Efficiency of a Cart Rolling Down an Inclined Plane

[xRadio]

Homework Statement

Alright for this thing, we had to pull a cart up a inclined plane and time how long it took to get to the bottom.

Distance from ground to top of inclined plane is - 0.125m
Length of Board is - 1.21m
Mass of cart - 1.09kg
Force to pull cart up - 1.4N
Time it took for cart to roll down board - 1.92s

So I need to calculate:
Energy Input (pulling cart up)
Energy Output
Efficiency

Homework Equations

W = Fd

Eff = Useful output energy/Input Energy x 100%

The Attempt at a Solution

So I am guessing Energy Input is
W=FD
W=(1.4)(1.21)
W = 1.694 J

Would Energy output be
E = 1/2mv^2?

 

[PhanthomJay]

I don't think so, wouldn't that be counting your losses twice? It takes 1.7 joules of input energy (Work) to pull the cart up to the top of the plane. How much energy does it have when it gets there?

 

[m2003]

First, it is important to note that the efficiency of a system is defined as the ratio of useful output energy to input energy, multiplied by 100%.

To calculate the efficiency of the cart rolling down the inclined plane, we need to first determine the useful output energy and the input energy.

The useful output energy in this case is the potential energy that is converted into kinetic energy as the cart rolls down the incline. This can be calculated using the formula E = mgh, where m is the mass of the cart, g is the acceleration due to gravity (9.8 m/s^2), and h is the height of the incline.

E = (1.09 kg)(9.8 m/s^2)(0.125 m) = 1.35 J

The input energy is the work done to pull the cart up the incline. This can be calculated using the formula W = Fd, where F is the force applied to the cart and d is the distance the cart is pulled up the incline.

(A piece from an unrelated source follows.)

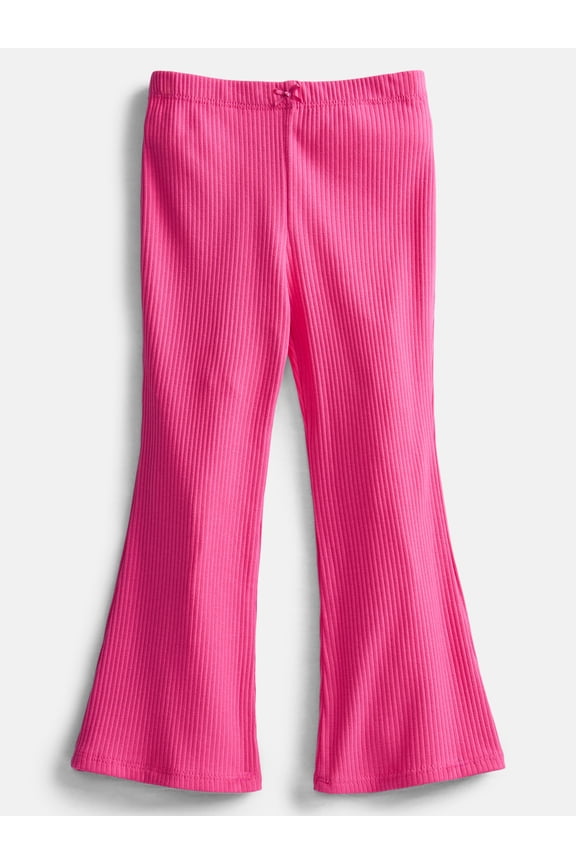 Toddler Girls Solid Flare Leggings, Sizes 18M-5T
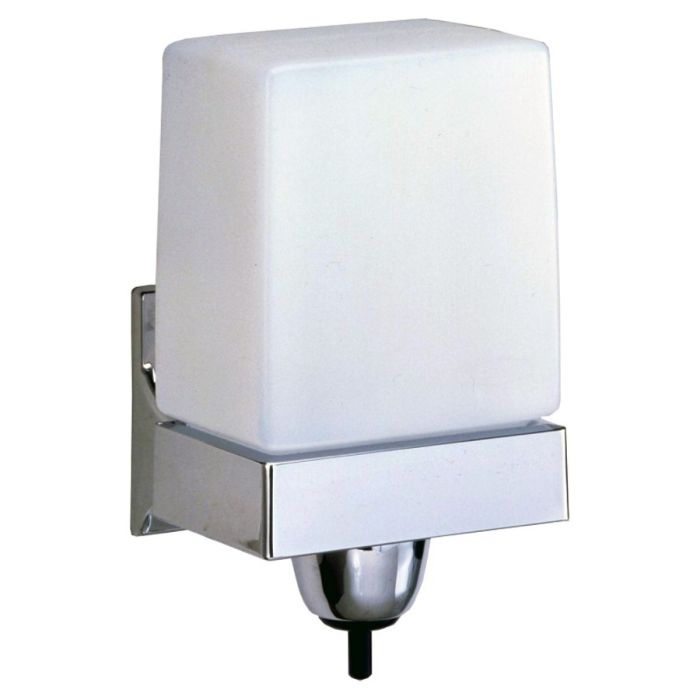 Bobrick LiquidMate Surface Mounted Liquid Soap Dispenser Bobrick LiquidMate Surface Mounted Liquid Soap Dispenser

W = (1.4 N)(1.21 m) = 1.694 J

Now, we can calculate the efficiency using the formula:

Eff = (Useful output energy/Input energy) x 100%

Eff = (1.35 J/1.694 J) x 100% = 79.7%

Therefore, the efficiency of the cart rolling down the inclined plane is approximately 80%. This means that 80% of the input energy (pulling the cart up the incline) was converted into useful output energy (the cart's kinetic energy as it rolled down the incline). The remaining 20% of the input energy was likely lost due to friction and other factors.